Integrating equation (64) from $0$ to $t$, we obtain the expression for the short rate: $$r_t = f_{0, \, t} + \frac{\sigma^2 t^2}{2} - \sigma w_t \tag {66}$$ The distribution of $r_t$ is Gaussian, with expectation and variance given by $$ \mathbb E [r_t] = f_{0, \, t} + \frac{\sigma^2 t^2}{2} \tag {67}$$ $$\text{Var} [r_t ] = \sigma^2 t \tag {68}$$
Under the Ho-Lee model, the price of a zero-coupon bond, $Z_{t, \, T}$, is given by [9] $$Z_{t, \, T} = e^{ \, A_{t, \,T} \, - \, r_t (T-t)}, \tag {69}$$ where $$A_{t, \, T} = \text {ln} \frac{Z_{0, \, T}}{Z_{0, \, t}} + f_{0, \, t} (T-t) - \frac{1}{2}\sigma^2 t (T-t)^2 \tag {70}$$ Considering equations (44) and (47), we obtain the expressions for the long-term rate, $y_t^{(D)}$ and the instantaneous forward rate, $f_t^{(D)}$: $$y_t^{(D)} = r_t + f_{0, \, t, \, t+D} - f_{0, \, t} + \frac{1}{2}D \sigma^2 t \tag {71} $$ $$f_t^{(D)} = r_t + f_{0, \, t+D} - f_{0, \, t}+ D \sigma^2 t, \tag {72}$$ where the forward rate for the period between time $t$ and $t+D$ is denoted $f_{0, \, t, \, t+D}$, and the instantaneous forward rates for maturities $t$ and $t+D$ are denoted $f_{0, \, t}$ and $f_{0, \, t +D}$ respectively. All of them are observed today. Although these forward rates depend on time $t$, they are determined based on the information contained in the current yield curve $y_0^{(D)}$.

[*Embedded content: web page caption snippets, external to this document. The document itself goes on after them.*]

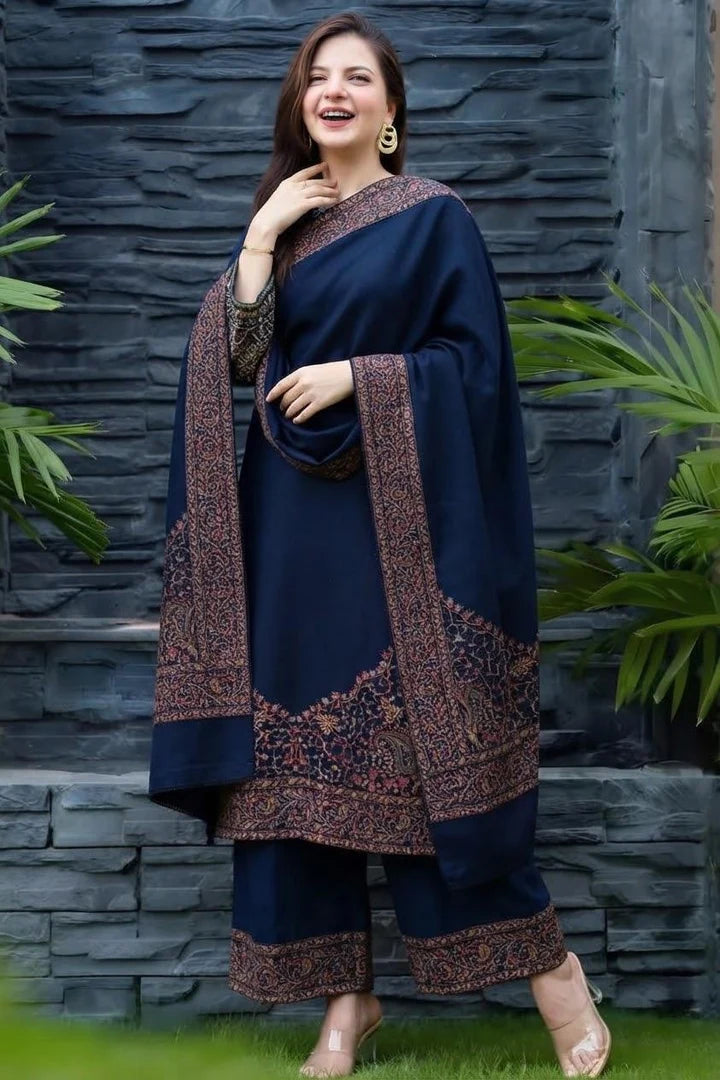 BT-2880A Unstitched Embroidered Dhanak Suit With Embroidered Dhanak Shawl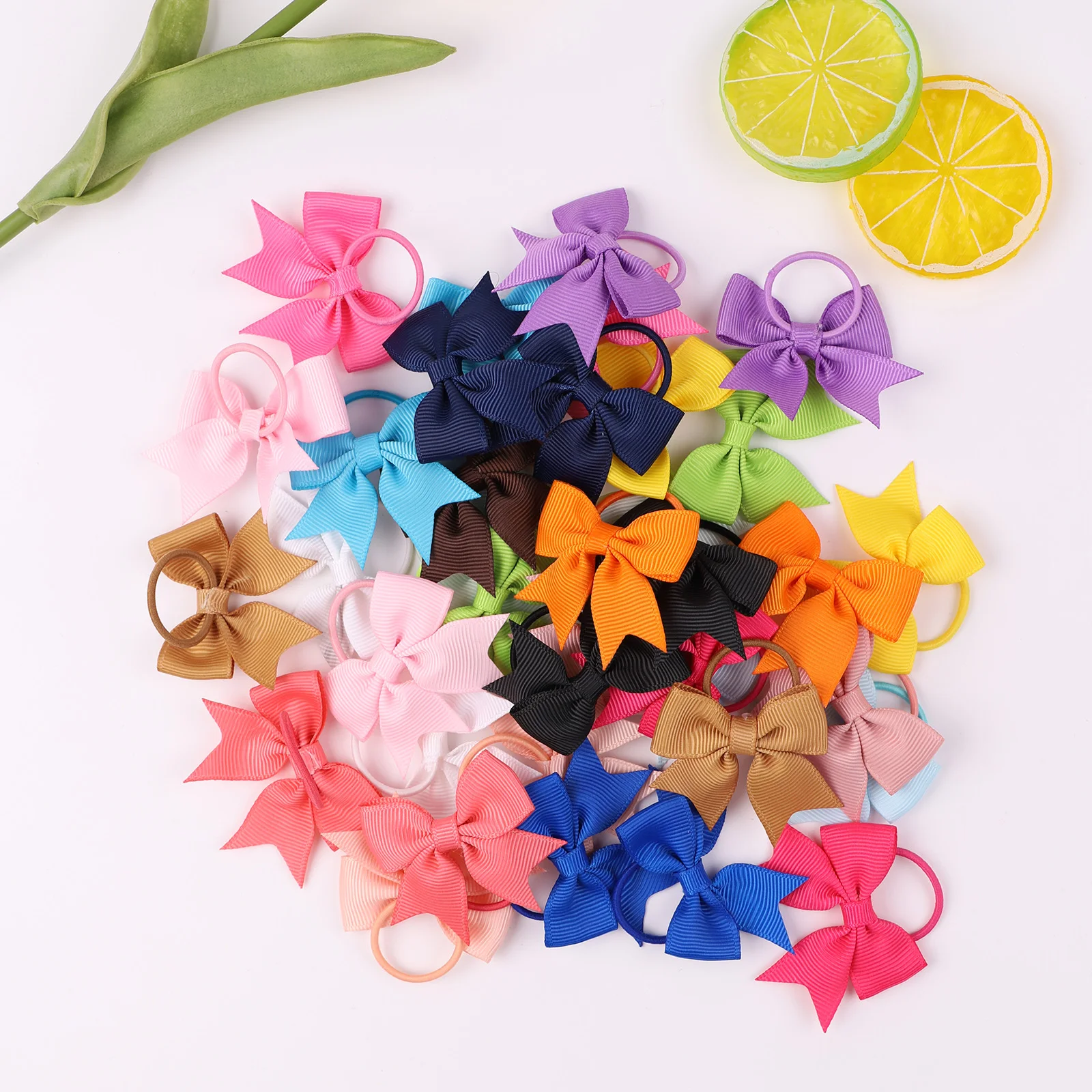 Wholesale 2Inches Solid Color Bows Hair Scrunchies For Kids Girls Grosgrain Ribbon Elastic Hair Band Headwear Hair Accessories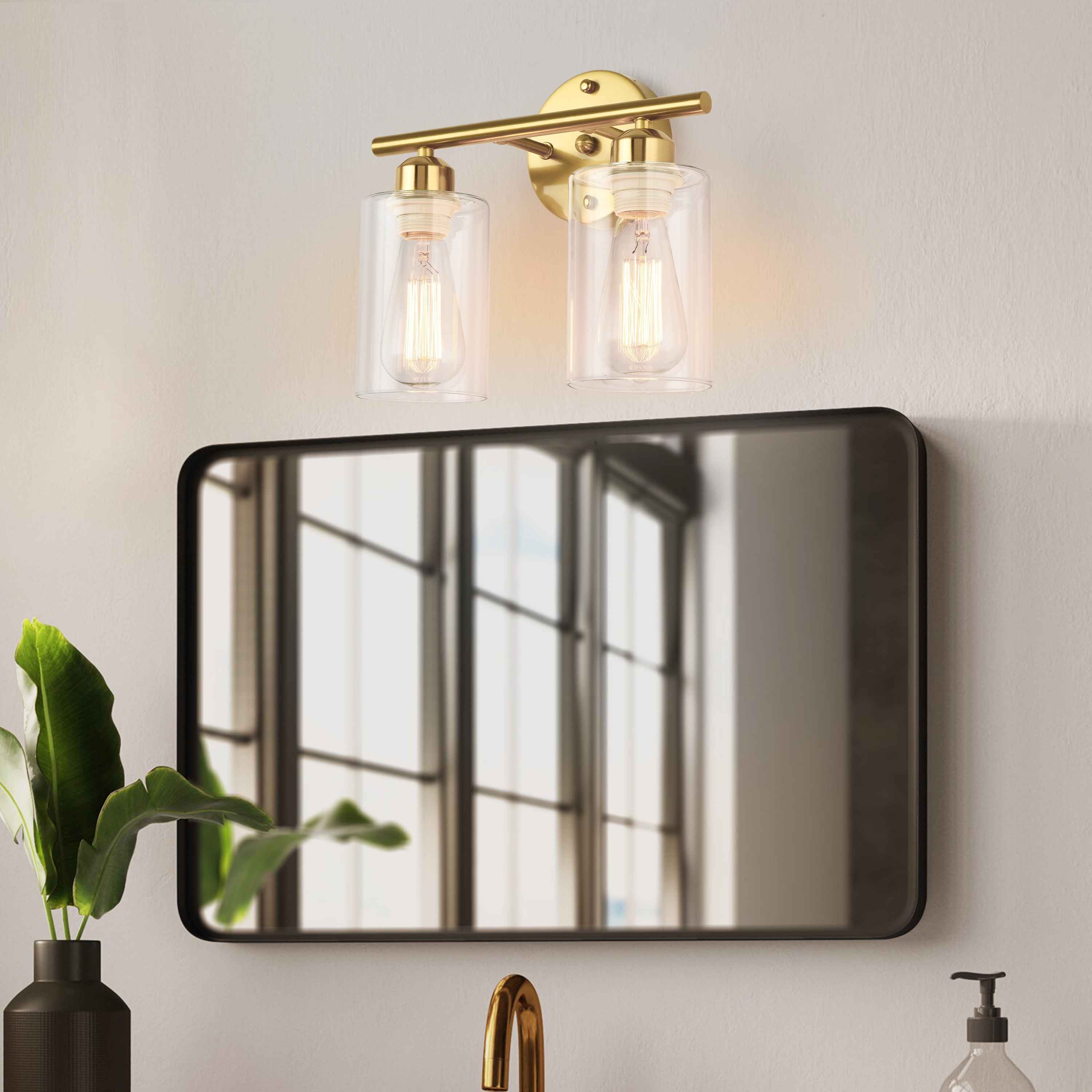 GoYeel ZW023GL02 12.99-in 2 -Light Gold Modern/contemporary Vanity light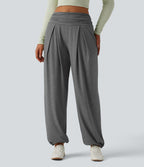 Pantalon de yoga chiné froncé taille haute avec poches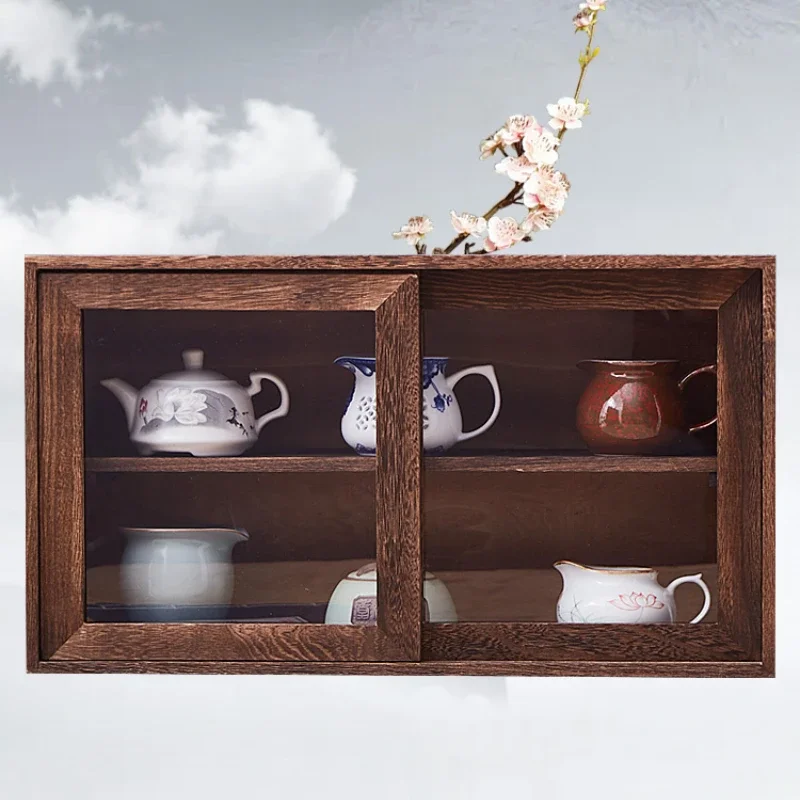 Solid Wood Tea Set Storage Box Table Top Storage Rack Storage Cabinet Sliding Door Tea Cabinet Dustproof Glass Sliding Door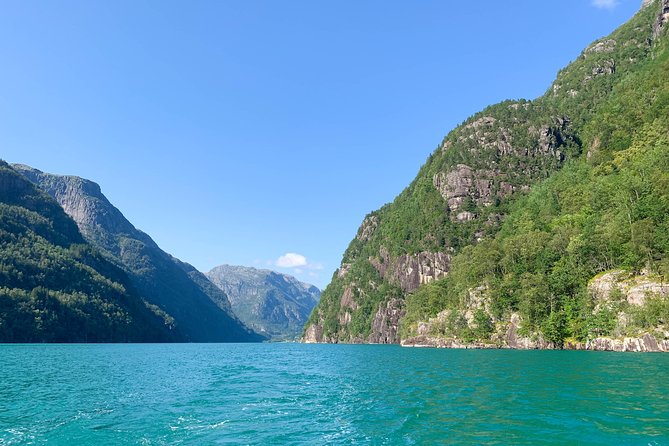 Bergen to Hardangerfjord VIP car + private yacht Fjord cruise - Fyksesundet, close-up falls, and the suspension-bridge moment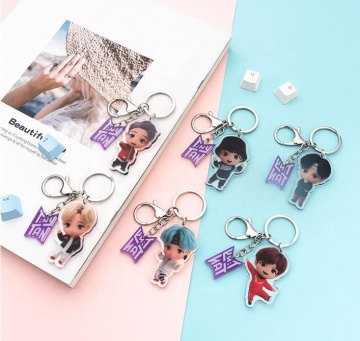 Großhandel Bangtan Boys Schlüsselbund KPOP Zweiseitiger gedruckter Kunststoff transparenter Acryl-Schlüsselbund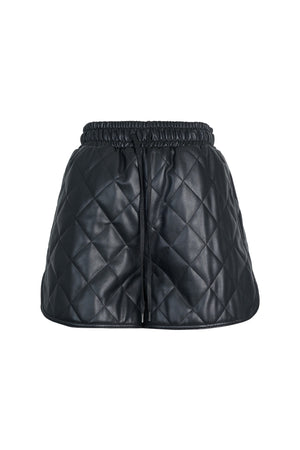 Faux Leather Shell Quilted Short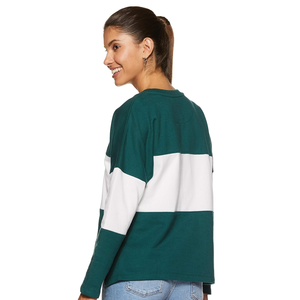 Vente en gros bon marché, sweat-shirt à manches longues personnalisé, pull rayé, surdimensionné, col rond, femmes, hiver 100% coton écologique - Product Image 5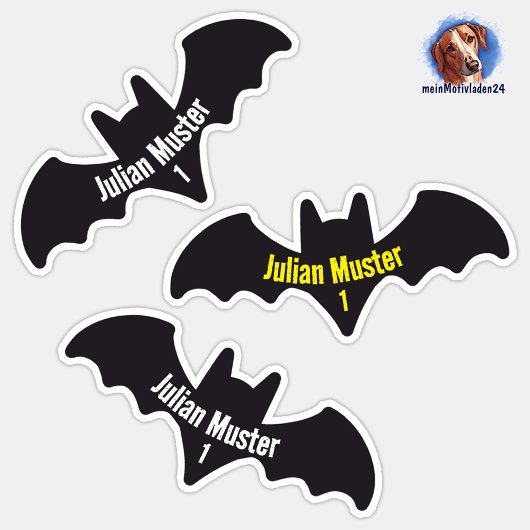 Namensaufkleber Fledermaus | 9 Kontur - シール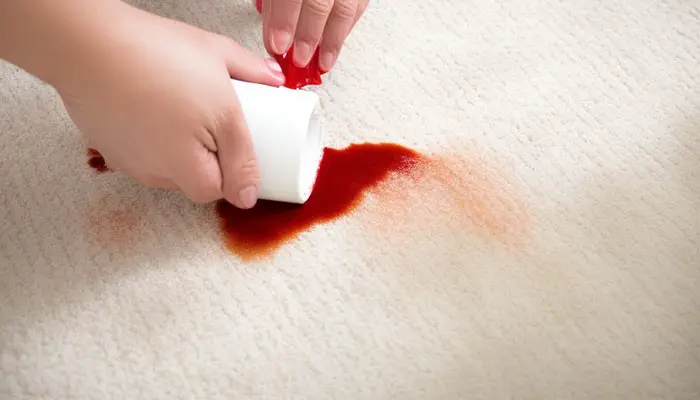 Blotting Gatorade stain with towel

Note that both the long-term rate and the forward rate are expressed as the sum of the short rate and deterministic functions. The expected value of a deterministic function is the function itself, and its contribution to the variance of a random variable is zero. Therefore, we can use the results from Section 'Brownian Motion with Drift' to obtain expressions for the mean and variance of the HPR in the Ho-Lee model. $$\mathbb E \left[HPR_{\tau}^{(D)}\right] = y_0^{(\tau)} + \frac{\sigma^2}{6} \left( \tau^2 - 3 D^2 \right), \tag {73}$$ where $y_0^{(\tau)}= - \frac{\text{ln }Z_{0, \, \tau}}{\tau}$ is obtained from the initial yield curve as the yield corresponding to the maturity $\tau$ $$\text {Var} \left[HPR_{\tau}^{(D)}\right] = \sigma^2 \tau \left[ \frac{1}{3} + \left( \frac{D}{\tau}\right)^2 - \frac {D}{\tau} \right] \tag {74}$$
The figure below shows the expected return and standard deviation of HPR in the Ho-Lee model for two duration values, $D=1$ and $D=3$. The shape of the current yield curve is given by the function $$y_0^{(D)} = L + (S - L) e^{-\lambda D},$$ where $L = 0.2$ is long-term rate level, $S = 0.15$ is short-term yield at $D=0$, $\lambda = 0.5$ is the decay rate (which controls how quickly the curve approaches the long-term level), and $D$ represents the duration (time to maturity) The excess return is calculated as the difference between the expected return and the initial yield for the horizon $\tau$ .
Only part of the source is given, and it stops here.